Méditation avec les fleurs de sureau

Une prière/méditation le sureau en fleur. Ce n’est pas encore la saison, je livre un vieux texte. Le sureau, en particulier l’essence de fleurs de sureau que j’ai récoltée l’année passée, m’appelle en ce moment. Dans la forêt, il y a 10 jours, les feuilles de sureau commençaient à apparaître. L’arbuste de sureau, au niveau du folklore, a une réputation proche de l’aubépine. Il abriterait des fées par exemple. Les baies de sureau, récoltées à la fin de l’été, participent aux remèdes anti-grippaux. Elles ont des propriétés anti-virales. Ce n’est peut-être pas pour rien que le sureau m’appelle ces jours-ci! T’inquiète, je ne prétends pas que c’est un remède au covid19 hein, mais simplement: la sagesse et l’esprit des plantes font partie de notre environnement. Alors, cette méditation pourrait te faire du bien – comme elle m’en fait!

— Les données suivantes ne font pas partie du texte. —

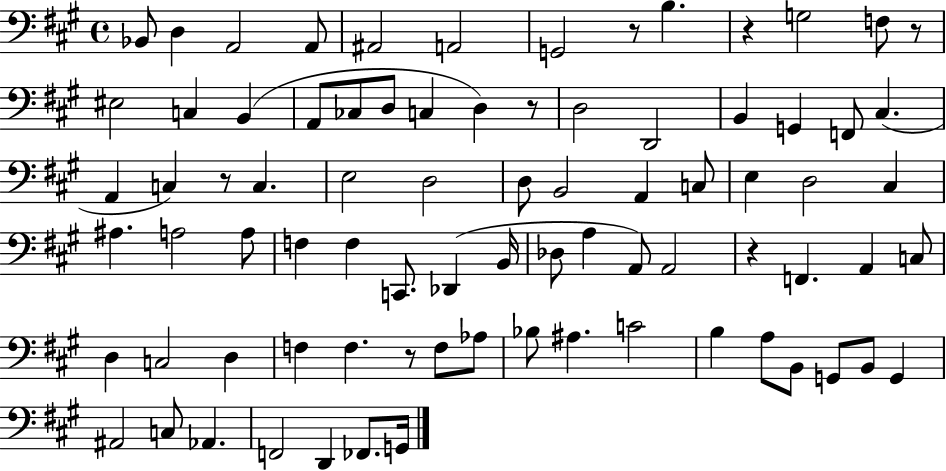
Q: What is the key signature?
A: A major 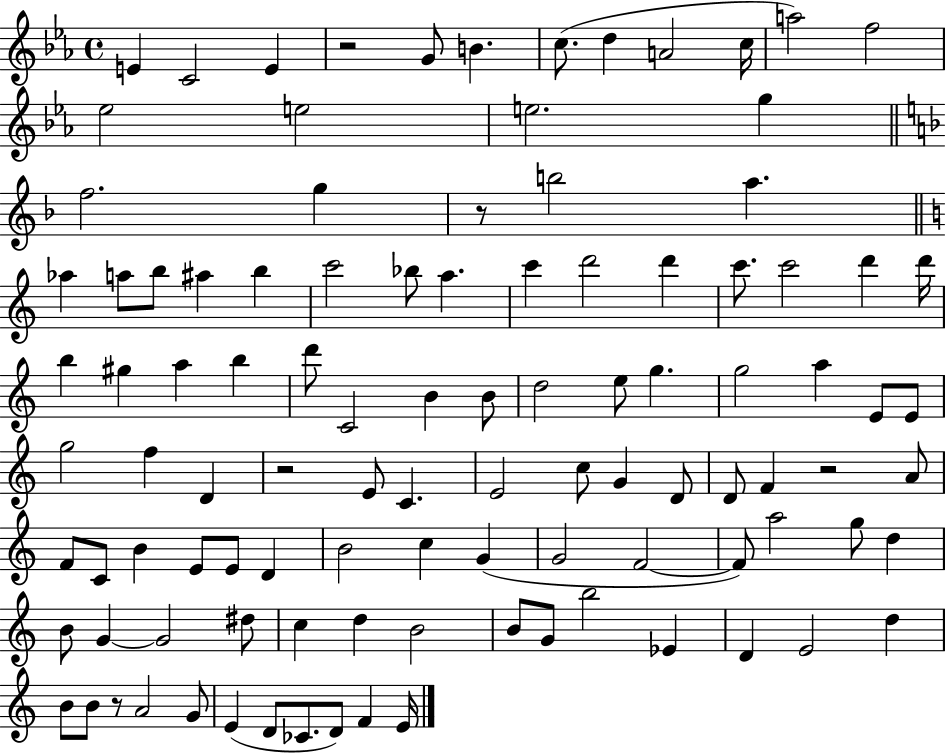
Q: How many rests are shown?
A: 5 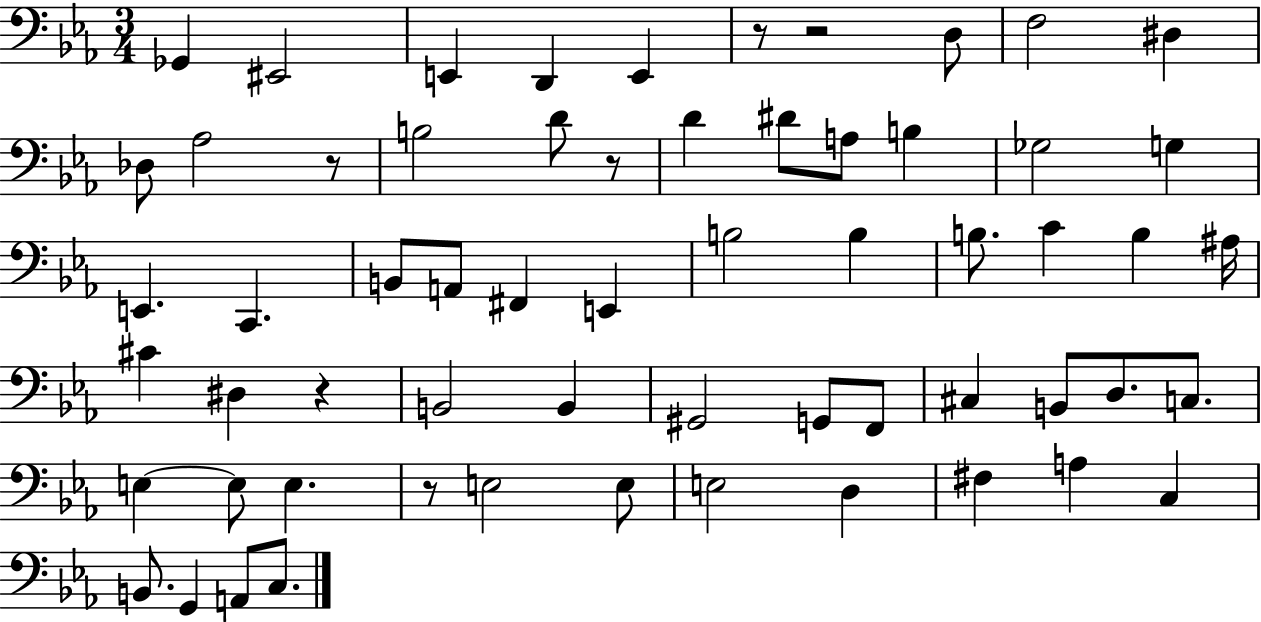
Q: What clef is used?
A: bass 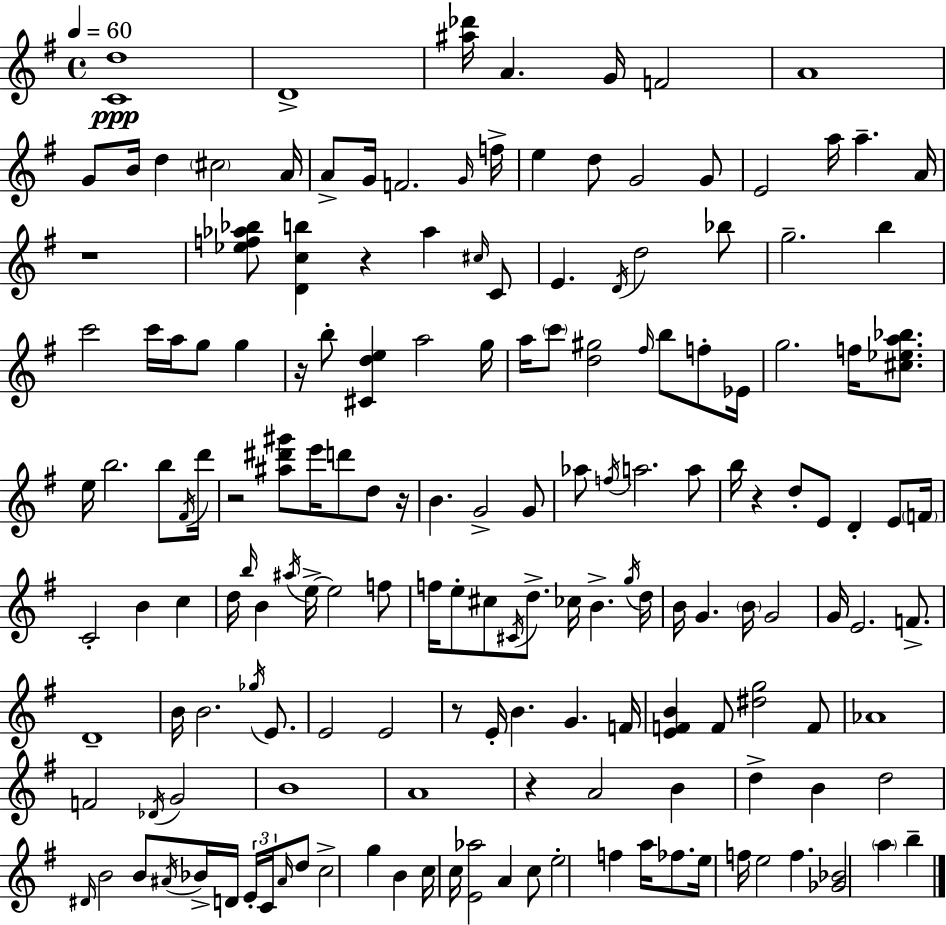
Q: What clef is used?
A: treble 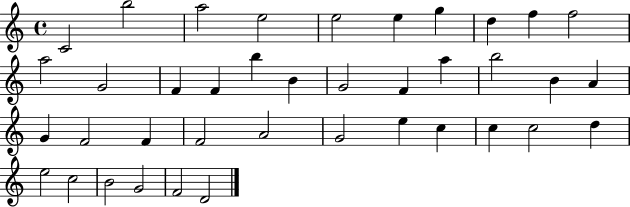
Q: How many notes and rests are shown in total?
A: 39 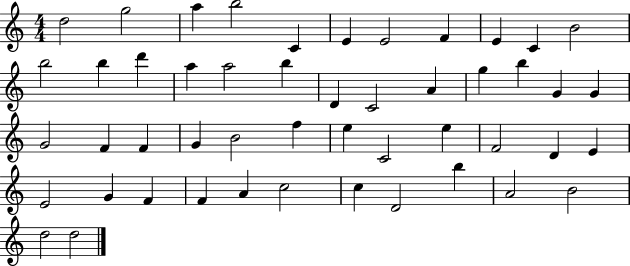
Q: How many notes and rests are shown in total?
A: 49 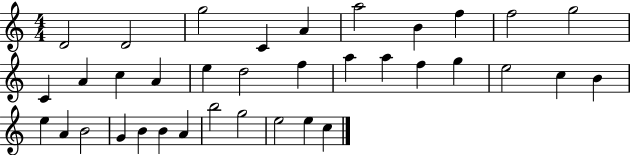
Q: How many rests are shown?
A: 0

La plante est si belle avec ses premières fleurs. Avec ses grappes comme des réseaux. Une toile. Le dos des mains parallèle à la terre, j’ouvre progressivement mes doigts. Le sureau monte si haut. Il cherche la lumière. Il s’élance. D’ici, assis-e sur le sol, on voit comme il est haut. Toutes ces multitudes sont connectées : ancêtres, guides, esprits des arbres, racines, sorcières. Des branches forment des arches. Des ponts. On n’est pas seule, on n’agit jamais pour soi uniquement, on est en connexion. On reçoit et on transmet. C’est la responsabilité des sorcières.

Les arches abritent les fées, les elfes, les présences. La multitude. Iels disent que la sagesse n’a jamais cessé d’être là. Elle vit. On vit. Hécate aussi. On est connectées. On reçoit. On transmet. Je ne suis pas que la descendant-e, je suis aussi l’ancêtre qui transmet. J’ai un devoir. Une responsabilité. Comme le sureau. Comme tout.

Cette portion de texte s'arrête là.